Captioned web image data
********

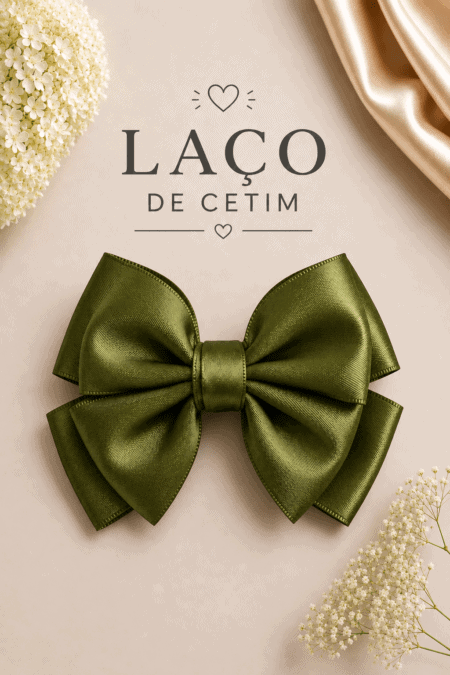 Laço de Cetim Verde Musgo | Médio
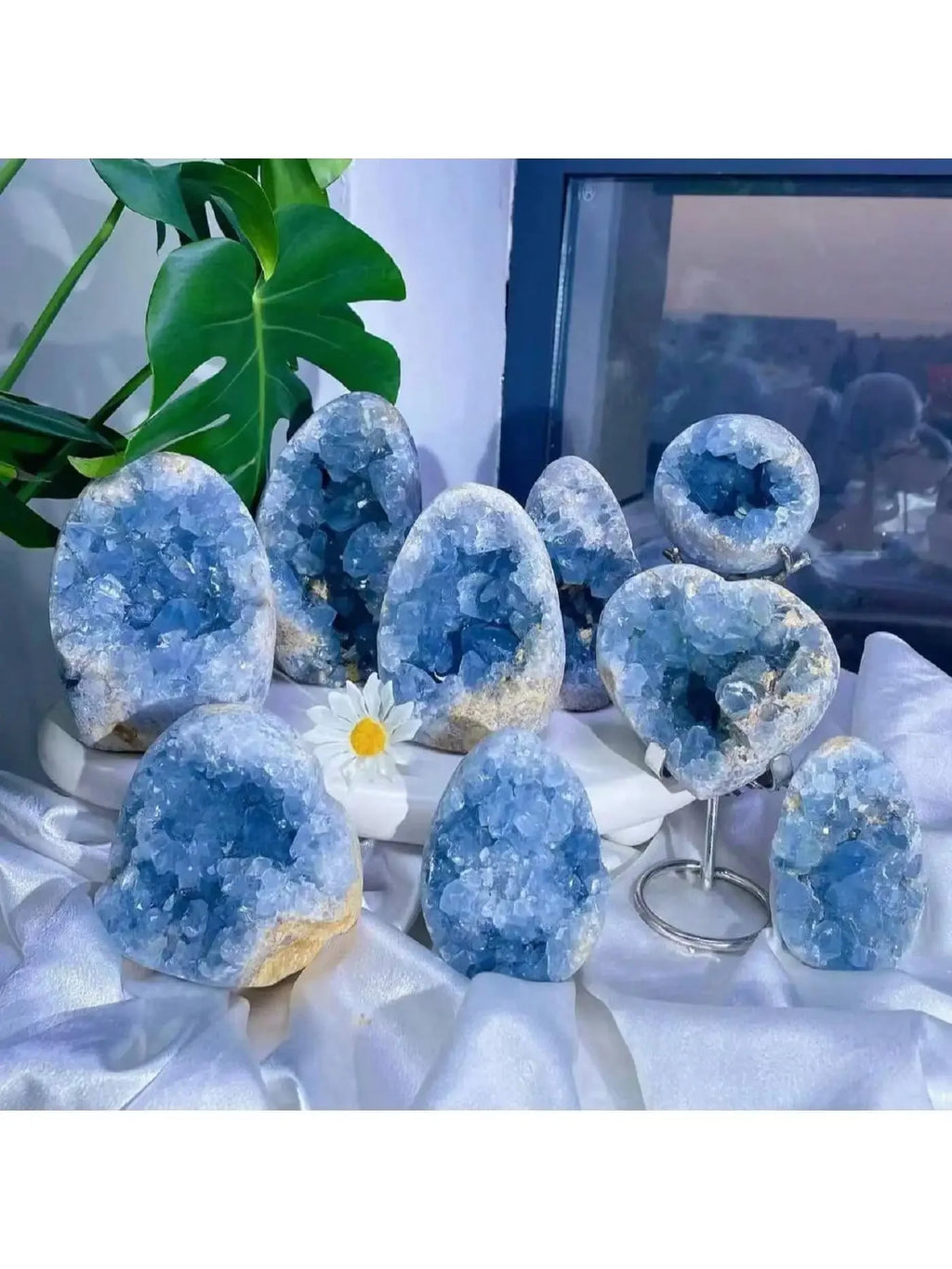 Celesitite crystal clusters for home décor, table décor, DIY, healing Yoga Meditation Office Decor
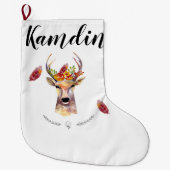 Gepersonaliseerde Stocking boho herten Buck Head B Grote Kerstsok (Voorkant)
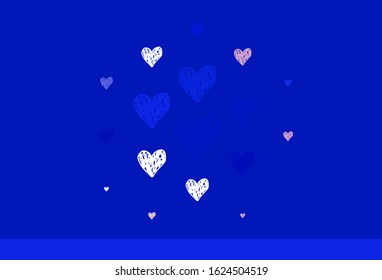 Light Pink, Blue vector background with hearts. Beautiful celebration style hearts on abstract illustration. Design for a business advert of anniversary.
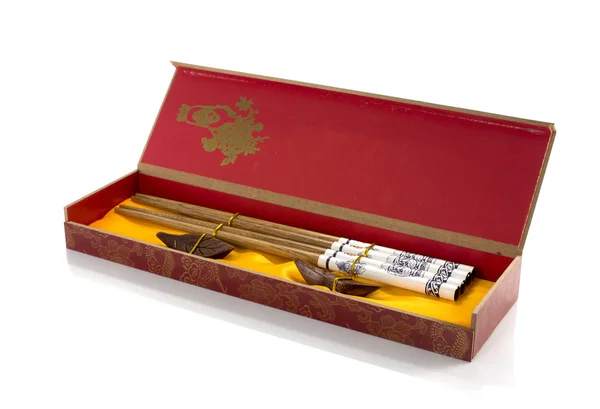 Box with chinese chopsticks — Stock Photo, Image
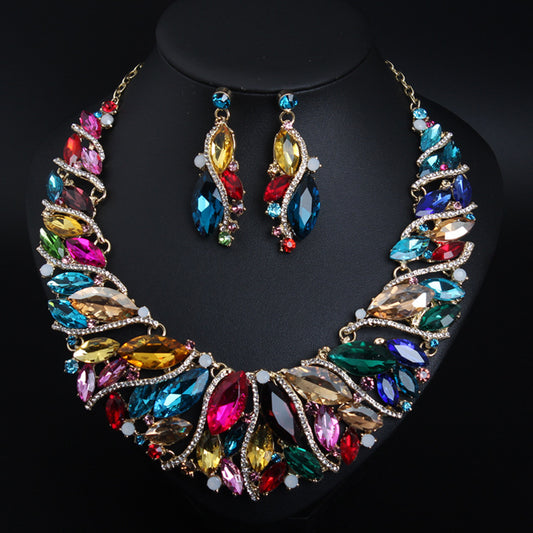 Women's Crystal Necklace Earring Set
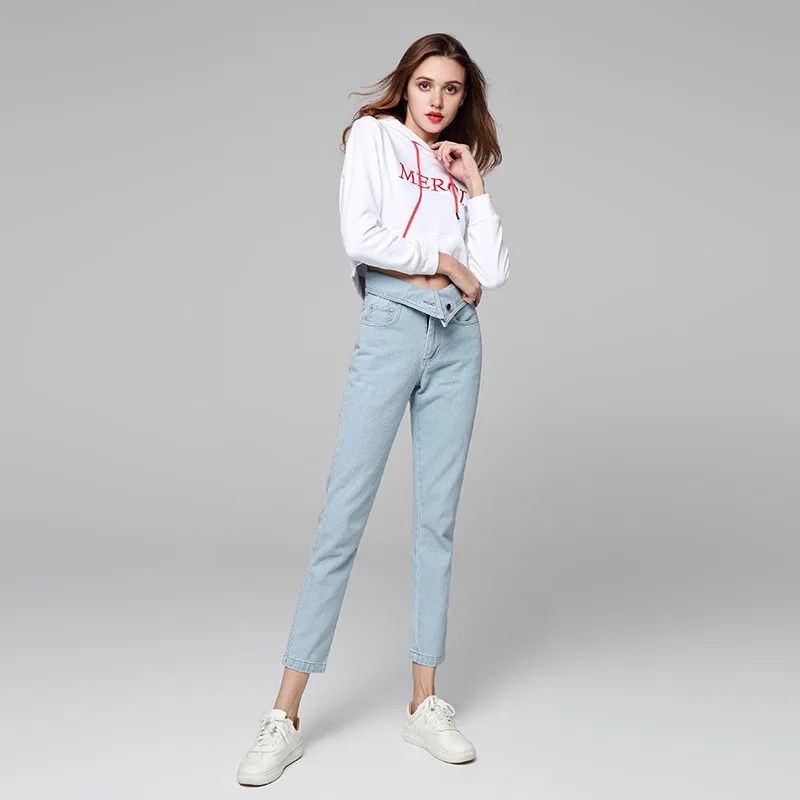 

Boyfriend Jeans Women Summer Wash Jeans for Women Lapel Buttons Women In High-waisted Jeans Female Trousers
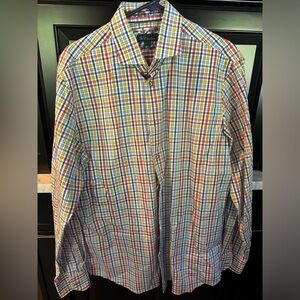 Mens dress shirt multi color check button up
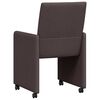 vidaXL Chaises de Salle &agrave; Manger avec Roues 2 pcs Marron fonc&eacute; tissu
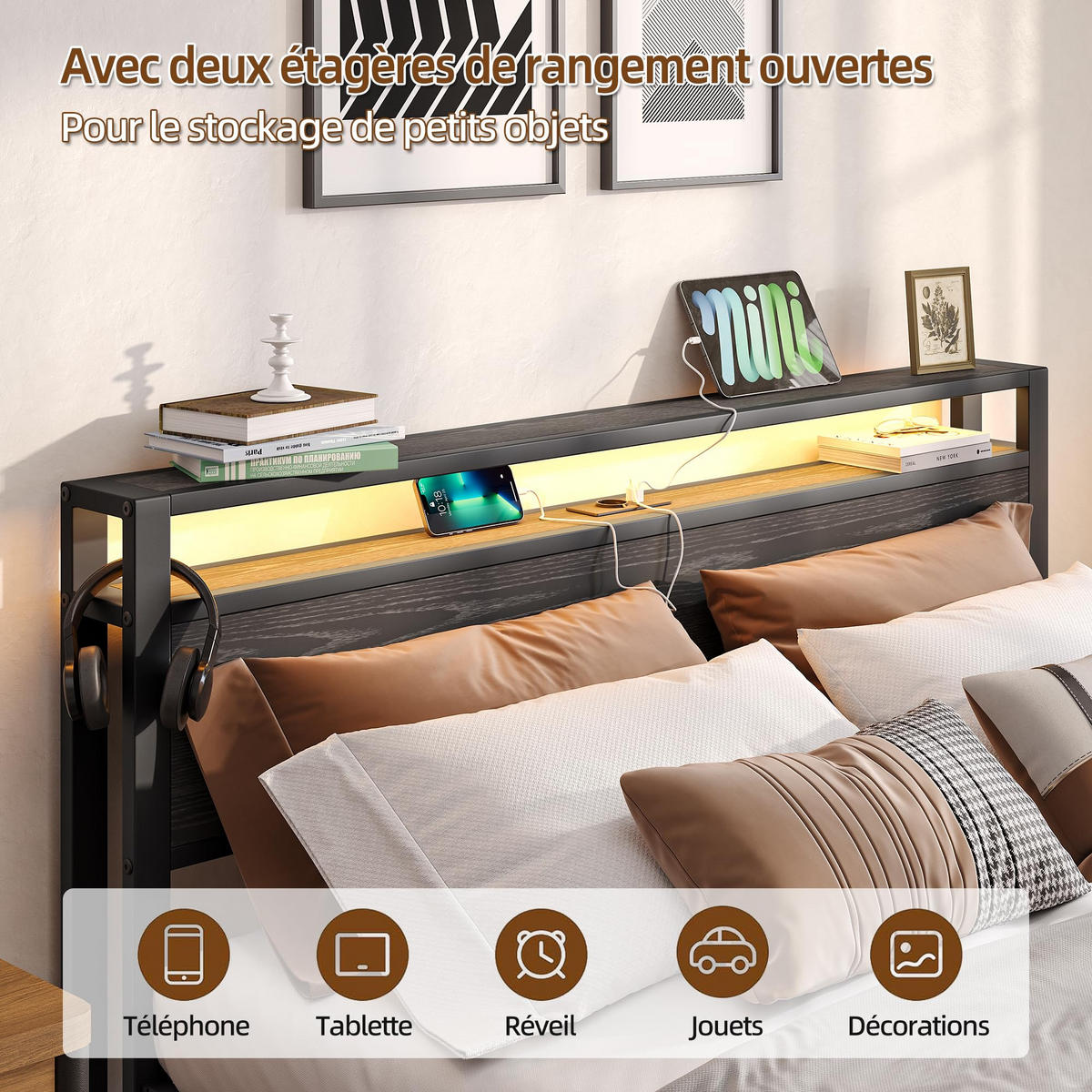 BETT 140/190 cm DE-33031 mit USB und LED-Beleuchtung Schwarz - Schwarz, Metall (140/190cm) - ComfortXL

********

_Action item_
The lines from the one with "Women's Crystal Necklace Earring Set" to the end of the data above should be retyped exactly, both ends included, and pictures are to be left out.

_Task solution_
 Women's Crystal Necklace Earring Set

Boyfriend Jeans Women Summer Wash Jeans for Women Lapel Buttons Women In High-waisted Jeans Female Trousers
 Mens dress shirt multi color check button up
 vidaXL Chaises de Salle &agrave; Manger avec Roues 2 pcs Marron fonc&eacute; tissu
 BETT 140/190 cm DE-33031 mit USB und LED-Beleuchtung Schwarz - Schwarz, Metall (140/190cm) - ComfortXL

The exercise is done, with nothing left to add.